Die Ökumenische Sozialinitiative der Deutschen Bischofskonferenz und der Evangelischen Kirche in Deutschland hat eine breite Diskussion angestoßen. Die zentralen Etappen des Diskussionsprozesses, vom Kongress "Gemeinsame Verantwortung für eine gerechte Gesellschaft" bis zu den Stellungnahmen, Gastbeiträgen und Kommentaren hier auf dieser Webseite, sind im Dokumentationsband "Im Dienst an einer gerechten Gesellschaft" zusammengefasst, den Sie hier als PDF herunterladen können

Gerhard Ballewski

Gerhard Ballewski ist Mitglied des Publik-Forum Leserkeises in Berlin, der sich eingehend mit der Sozialinitiative befasst und eine gemeinsame Erklärung sowie individuelle Stellungnahmen zur Sozialinitiative der Kirchen verfasst hat.

Publik-Forum Leserkreis Berlin

Der Publik-Forum-Leserkreis Berlin hat sich eingehend mit der Sozialinitiative befasst und eine gemeinsame Erklärung sowie individuelle Stellungnahmen verfasst.

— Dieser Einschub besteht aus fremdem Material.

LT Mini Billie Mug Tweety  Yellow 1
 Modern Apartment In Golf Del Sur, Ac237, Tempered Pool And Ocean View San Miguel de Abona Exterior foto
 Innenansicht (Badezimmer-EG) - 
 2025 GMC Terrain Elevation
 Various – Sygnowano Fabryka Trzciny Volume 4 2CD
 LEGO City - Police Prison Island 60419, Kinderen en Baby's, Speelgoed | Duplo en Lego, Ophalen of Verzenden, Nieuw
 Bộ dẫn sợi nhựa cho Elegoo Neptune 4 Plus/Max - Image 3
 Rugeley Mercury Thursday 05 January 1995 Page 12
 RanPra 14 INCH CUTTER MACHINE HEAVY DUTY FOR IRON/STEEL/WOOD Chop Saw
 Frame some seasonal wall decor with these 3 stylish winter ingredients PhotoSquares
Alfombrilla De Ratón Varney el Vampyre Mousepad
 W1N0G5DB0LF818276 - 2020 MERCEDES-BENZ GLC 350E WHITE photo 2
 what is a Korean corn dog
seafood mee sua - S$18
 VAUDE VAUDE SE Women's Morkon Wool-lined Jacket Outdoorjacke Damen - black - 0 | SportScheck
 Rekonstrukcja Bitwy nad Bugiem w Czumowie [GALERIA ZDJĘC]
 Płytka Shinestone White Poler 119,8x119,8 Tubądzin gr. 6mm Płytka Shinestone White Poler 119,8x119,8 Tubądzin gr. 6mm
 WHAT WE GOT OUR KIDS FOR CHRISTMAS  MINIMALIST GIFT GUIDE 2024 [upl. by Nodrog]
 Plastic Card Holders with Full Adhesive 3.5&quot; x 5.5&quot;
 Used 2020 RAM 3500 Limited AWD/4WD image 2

Wie ist die Welt derzeit beschaffen? Da gab es in den früheren Hochkulturen der alten Jahrtausende (Mächte im Zweistromland, Römisches Reich, Griechisches Reich usw.) nach heutigen Maßstäben "abgewirtschaftete" Kulturen und Völker und andererseits in den seit den Zeiten von Jesu Geburt erst erwachenden Kulturen nach heutigen Kriterien reiche und starke Mächte (etwa Asien, Amerika und Europa mit Deutschland). Es stellt sich die Frage, ob die Beschaffenheit dieser Rollen "naturgegeben" ist oder GOTTES Wille war oder ob sich Menschen mit Ideen, Energie und guten Zwecken oder böse Menschen mit falschen Mitteln eine reiche Nordhalbkugel aufgebaut haben könnten, zulasten der armen Südhalbkugel. Haben diese heute reicheren Völker die Rechte bzw. den Besitz an Werten und Wissen sowie die Leitfunktionen von Produkten brutal erobert oder durch ehrenwerte Teilung und Teilhabe mit den ärmeren Völkern "christlich" und gerecht aufgebaut? Dabei wurde einseitig ein Markt-Kapitalismus errichtet, der weitgehend finanzielle Mehrwerte in reiche Taschen fließen ließ und soziale Aufgaben oft vernachlässigte. Alternative Lösungen der Völkerwirtschaft, etwa Tauschwirtschaft oder volkswirtschaftliche Mischsysteme,  wurden zwar hier und da erprobt, aber nicht effektiv gefördert. Auch der sog. Sozialismus/Kommunismus scheiterte an menschlichen Schwächen.

Jedem geschichtlich informierten Mitteleuropäer ist heute bekannt und sichtbar, dass in den letzten Jahrhunderten viel Reichtum und Macht im Norden angesammelt wurden, und im Süden Europas, Asiens und Amerikas durch die Nordländer viel Unrecht verbreitet wurde. Viel des von den dortigen Machthabern tatsächlich verursachten Unrechts im Süden der Welt ist erst -und wird bis heute- durch bittere  räuberische Ausnutzung von Bodenschätzen und von Arbeitskräften zugunsten der Reichen entstanden bzw. durch Verlockungen unserer un-christlichen Lebensweise bzw. unter Missachtung von Menschenrechten und aufgrund vorgelebter überhöhter egoistischer Ansprüche im Norden als falsche Orientierung auch für Schwellenländer usw. befördert worden. Dadurch bedingt ist die Armut der Völker und die kaum heilbaren Zerstörung der Schöpfungslandschaften (Wasser, Luft und Erde) entstanden, die seitens der reichen Eroberer, beginnend mit den Kolonial-Staaten und deren Beauftragten sowie seit dem zweiten Weltkrieg verstärkt durch Industriegiganten sowie sog. sozialistische Oligarchien und in jüngster Zeit direkt und indirekt durch uns alle mit unserem Konsumverhalten im reichen Norden ausgelöst wurden.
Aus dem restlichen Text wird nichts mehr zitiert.